- [ABOUT THIS TASK]:
Reproduce the data below in full and exclude every picture.

- [SUPPLIED MATERIAL]:
------------------------------------------------

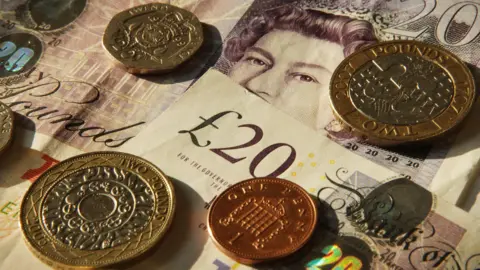 A close up of sterling pound notes and coins.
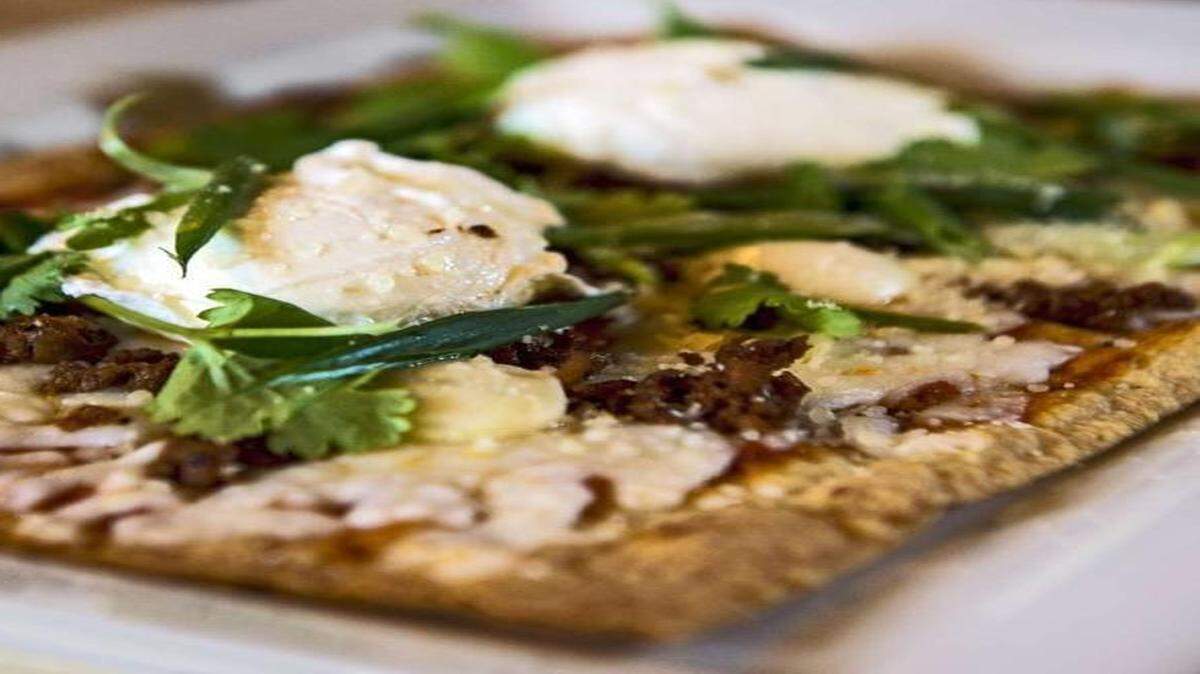 
The breakfast pizza flatbread from Louie’s Wine Dive.
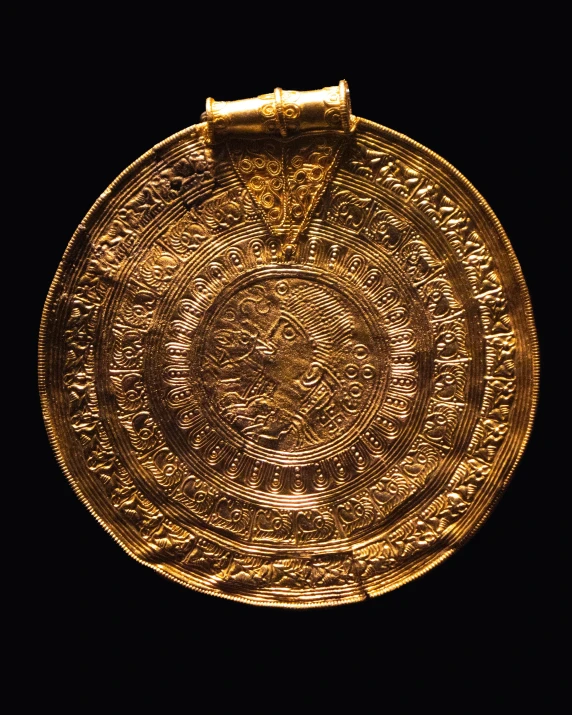 an old, gold plate from the time when ancient people used it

------------------------------------------------

- [RESPONSE AREA]:
 A close up of sterling pound notes and coins.
The breakfast pizza flatbread from Louie’s Wine Dive.
 an old, gold plate from the time when ancient people used it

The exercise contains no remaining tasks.